─── RAW DATA ───

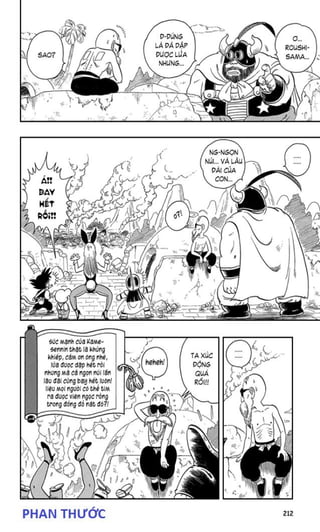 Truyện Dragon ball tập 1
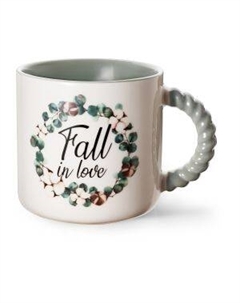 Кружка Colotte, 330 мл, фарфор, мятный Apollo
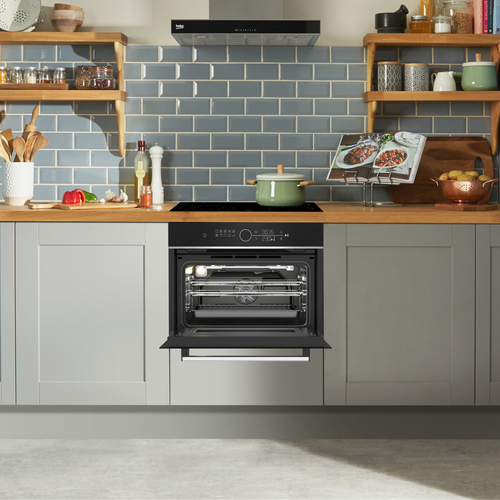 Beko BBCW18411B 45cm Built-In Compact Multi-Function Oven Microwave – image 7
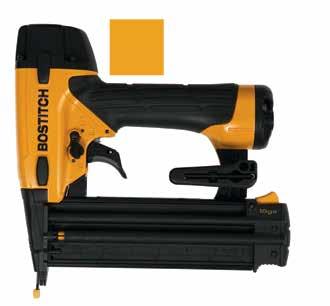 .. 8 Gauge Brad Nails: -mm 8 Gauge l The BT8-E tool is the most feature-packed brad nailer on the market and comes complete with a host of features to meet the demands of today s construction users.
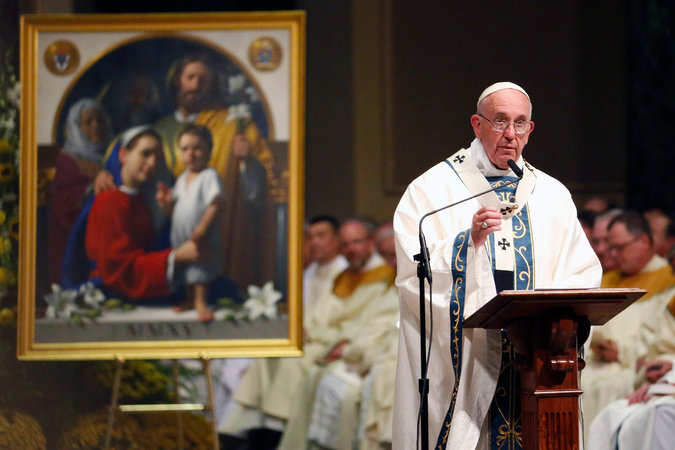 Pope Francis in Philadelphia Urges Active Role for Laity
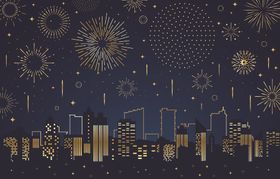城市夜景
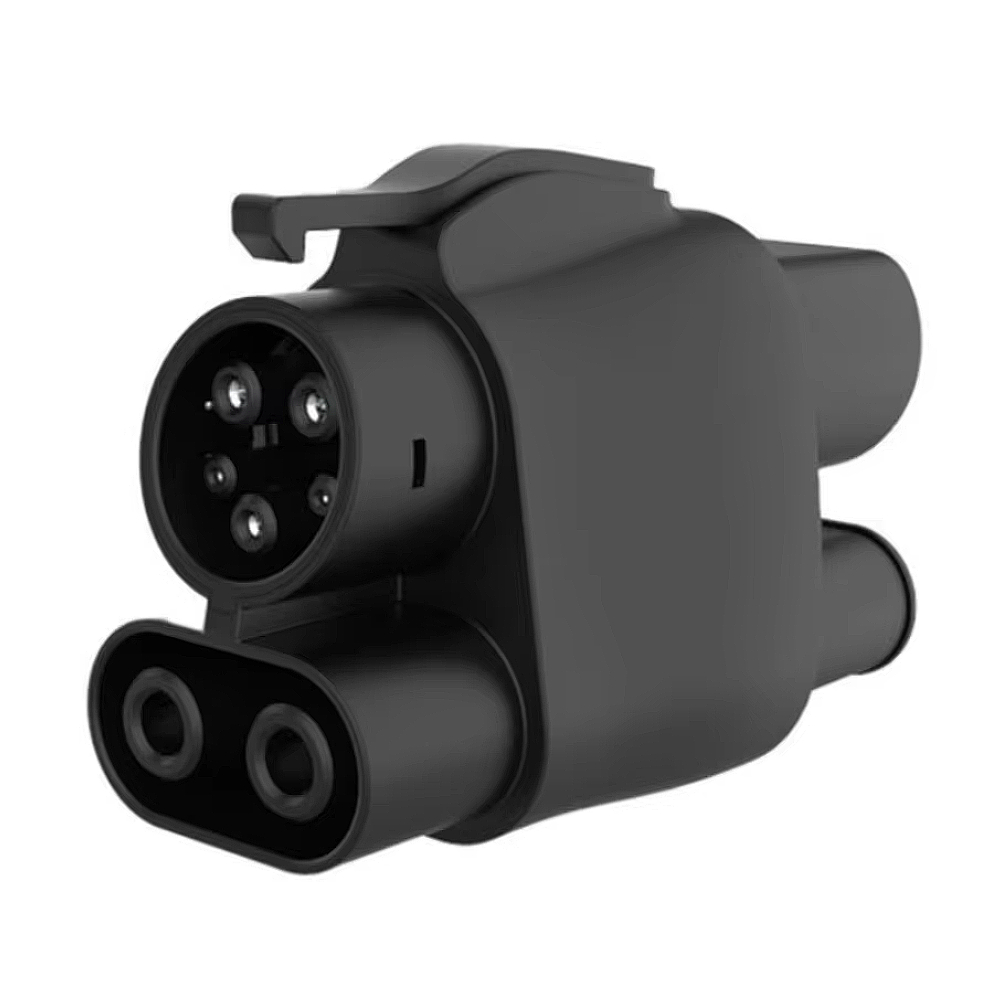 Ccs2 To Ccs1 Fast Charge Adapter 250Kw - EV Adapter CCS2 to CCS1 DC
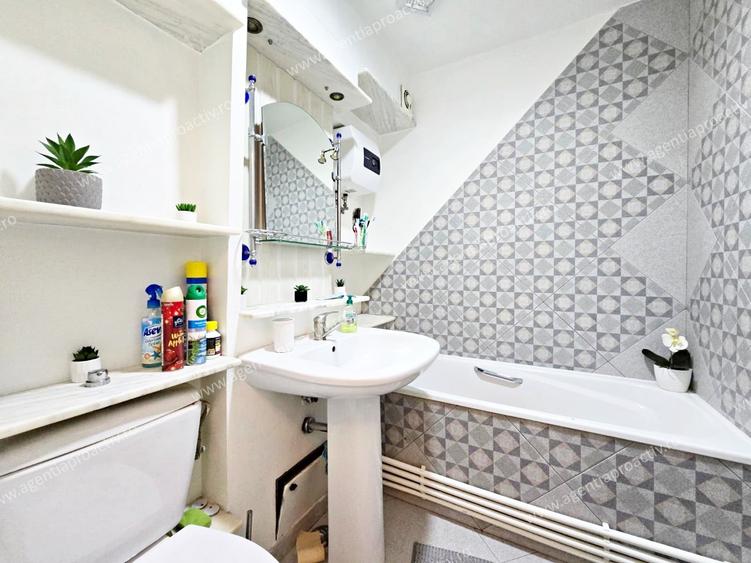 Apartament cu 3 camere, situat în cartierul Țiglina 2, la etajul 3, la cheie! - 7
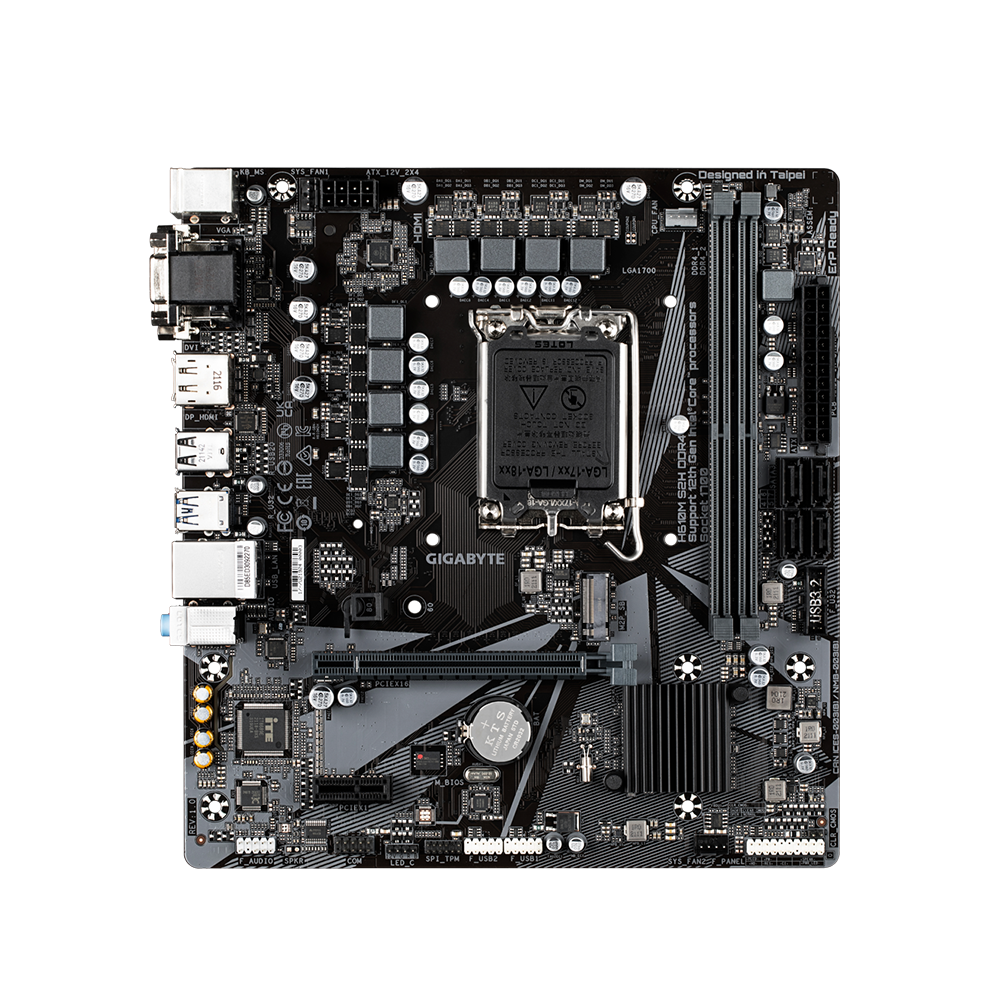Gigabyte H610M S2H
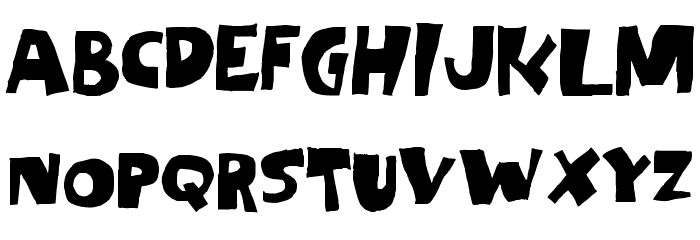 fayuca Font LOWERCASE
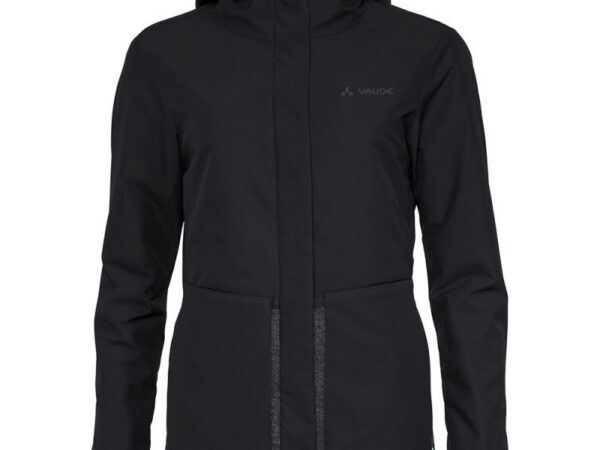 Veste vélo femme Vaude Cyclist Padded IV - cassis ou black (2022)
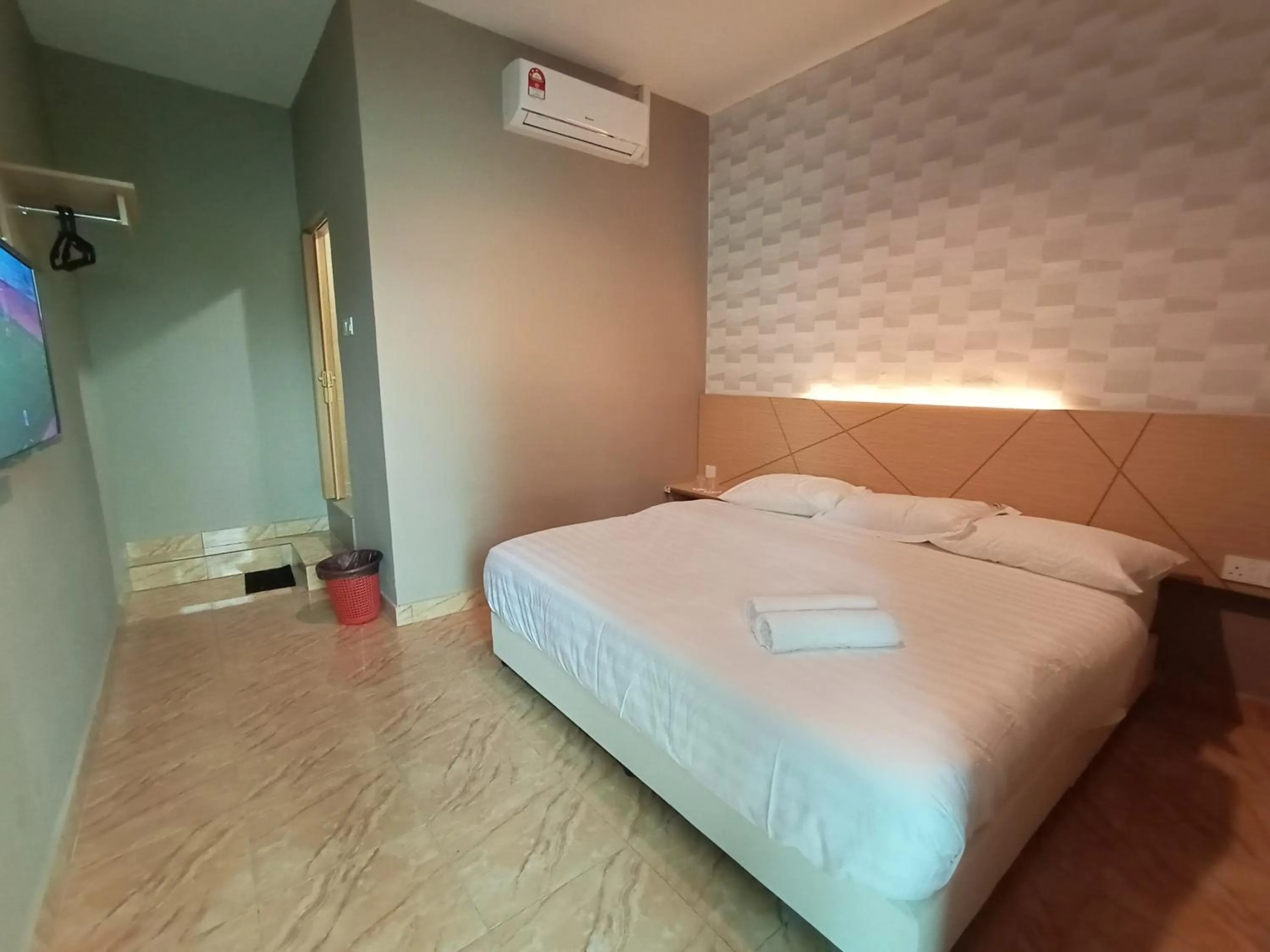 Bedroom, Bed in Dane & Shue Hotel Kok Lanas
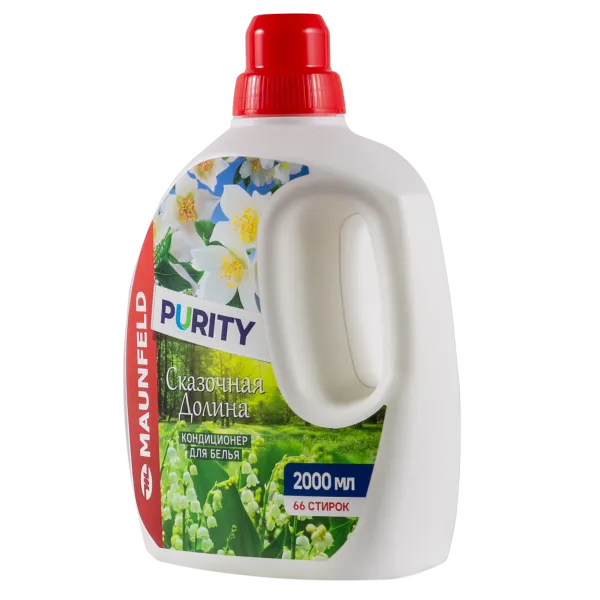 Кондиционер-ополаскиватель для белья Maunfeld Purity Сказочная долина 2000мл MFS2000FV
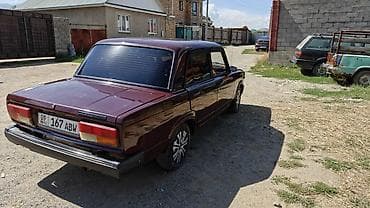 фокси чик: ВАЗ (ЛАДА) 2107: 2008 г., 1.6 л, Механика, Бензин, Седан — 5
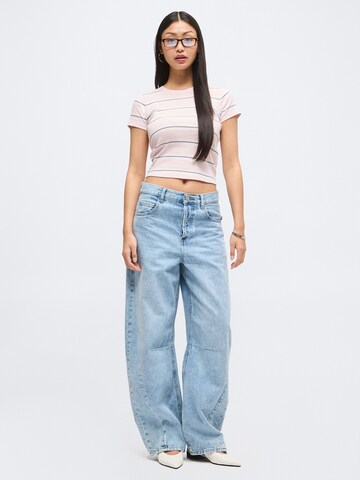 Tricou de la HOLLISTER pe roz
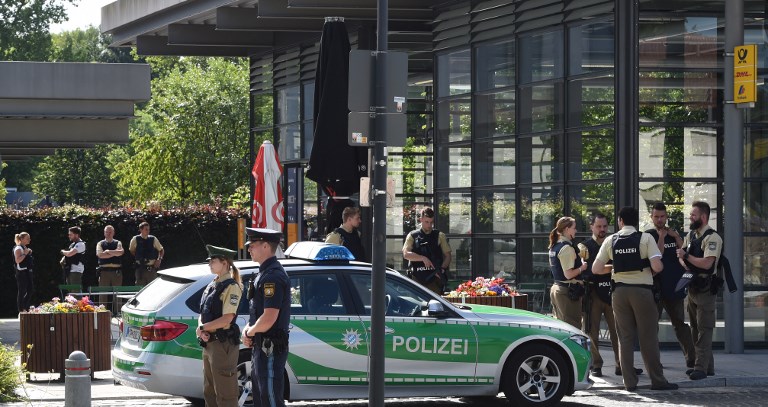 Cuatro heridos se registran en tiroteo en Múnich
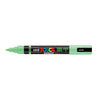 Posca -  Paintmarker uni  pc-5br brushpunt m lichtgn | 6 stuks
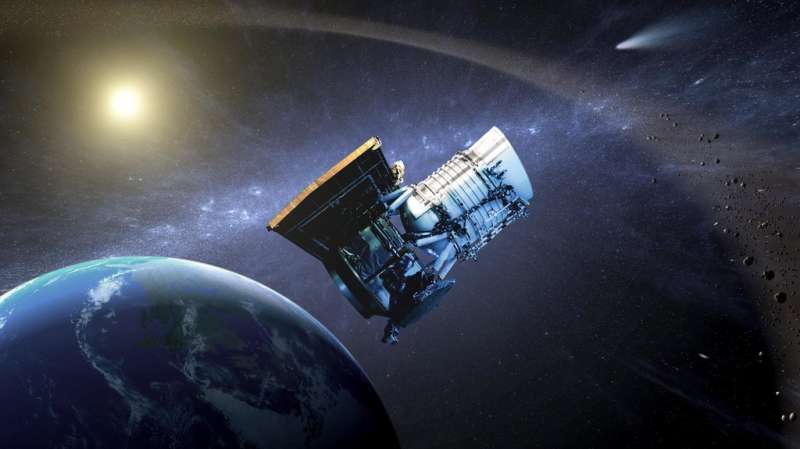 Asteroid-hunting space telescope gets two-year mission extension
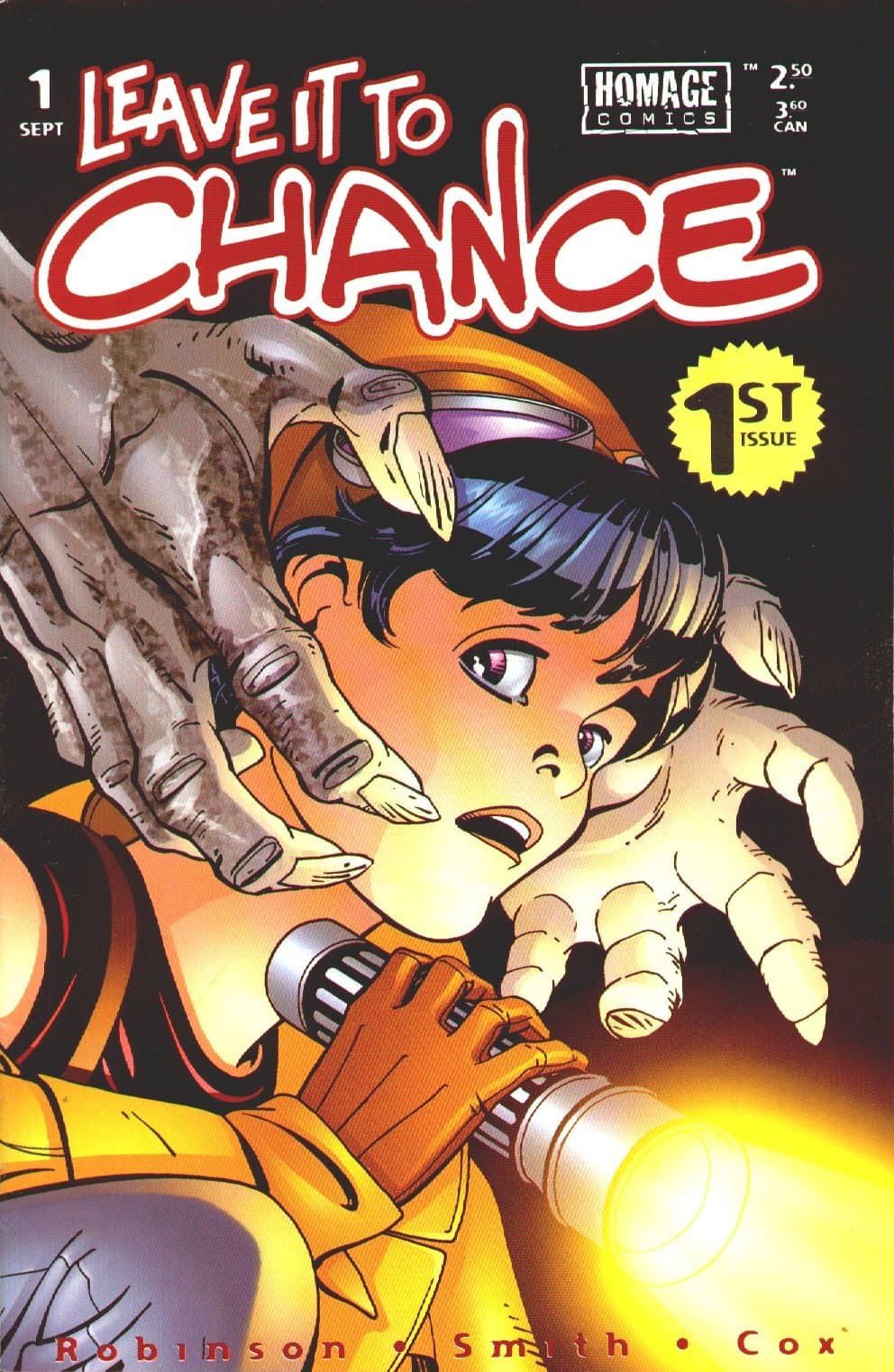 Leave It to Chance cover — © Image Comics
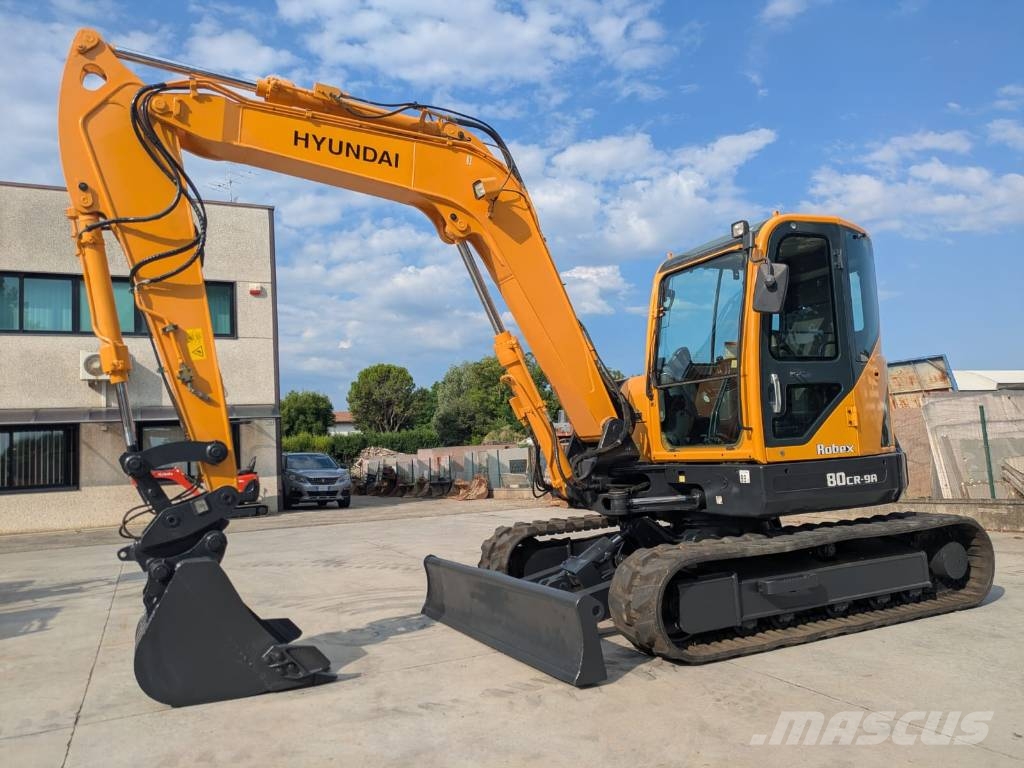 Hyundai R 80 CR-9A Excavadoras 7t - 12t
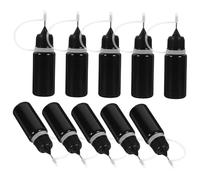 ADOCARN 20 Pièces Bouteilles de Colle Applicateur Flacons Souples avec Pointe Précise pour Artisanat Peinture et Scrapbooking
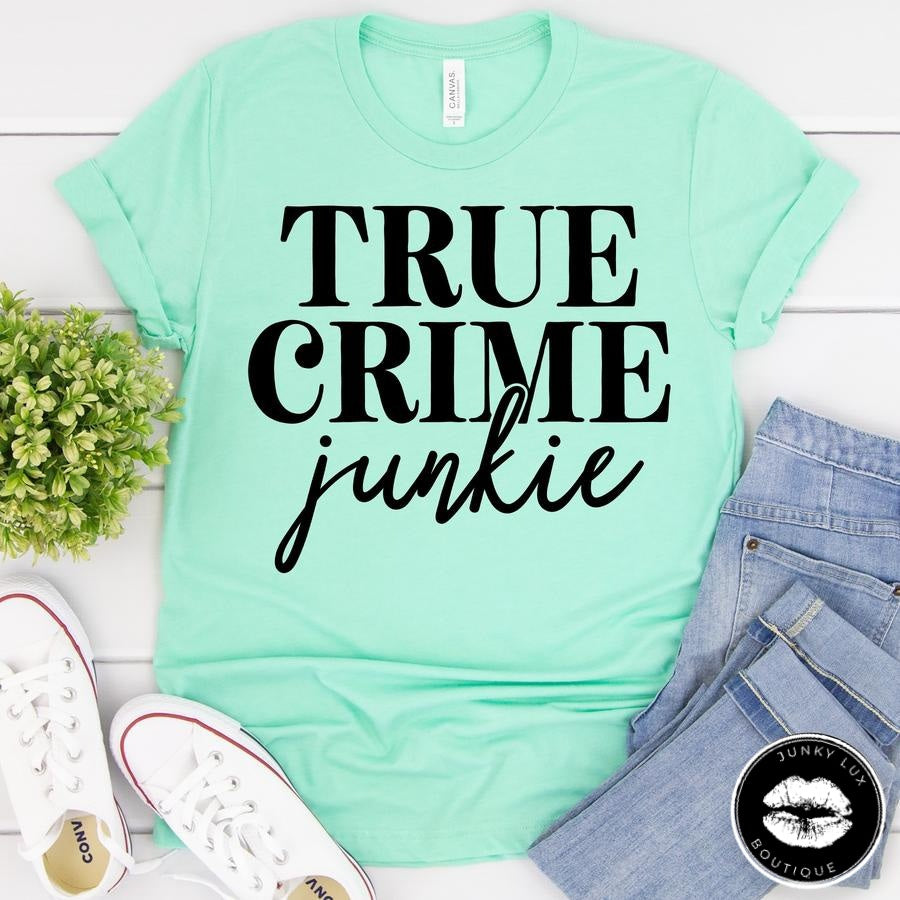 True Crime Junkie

───

Copy the records exactly, leaving out every picture.

 Truyện Dragon ball tập 1
 Кружка Colotte, 330 мл, фарфор, мятный Apollo
 Beko BBCW18411B 45cm Built-In Compact Multi-Function Oven Microwave – image 7
 .. 8 Gauge Brad Nails: -mm 8 Gauge l The BT8-E tool is the most feature-packed brad nailer on the market and comes complete with a host of features to meet the demands of today s construction users.
 Pope Francis in Philadelphia Urges Active Role for Laity
城市夜景
 Ccs2 To Ccs1 Fast Charge Adapter 250Kw - EV Adapter CCS2 to CCS1 DC
 Apartament cu 3 camere, situat în cartierul Țiglina 2, la etajul 3, la cheie! - 7
Gigabyte H610M S2H
 fayuca Font LOWERCASE
 Veste vélo femme Vaude Cyclist Padded IV - cassis ou black (2022)
 Bedroom, Bed in Dane & Shue Hotel Kok Lanas
 Кондиционер-ополаскиватель для белья Maunfeld Purity Сказочная долина 2000мл MFS2000FV
 фокси чик: ВАЗ (ЛАДА) 2107: 2008 г., 1.6 л, Механика, Бензин, Седан — 5
 Tricou de la HOLLISTER pe roz
 Cuatro heridos se registran en tiroteo en Múnich
 Posca -  Paintmarker uni  pc-5br brushpunt m lichtgn | 6 stuks
 Asteroid-hunting space telescope gets two-year mission extension
 Leave It to Chance cover — © Image Comics
 Hyundai R 80 CR-9A Excavadoras 7t - 12t
 ADOCARN 20 Pièces Bouteilles de Colle Applicateur Flacons Souples avec Pointe Précise pour Artisanat Peinture et Scrapbooking
 True Crime Junkie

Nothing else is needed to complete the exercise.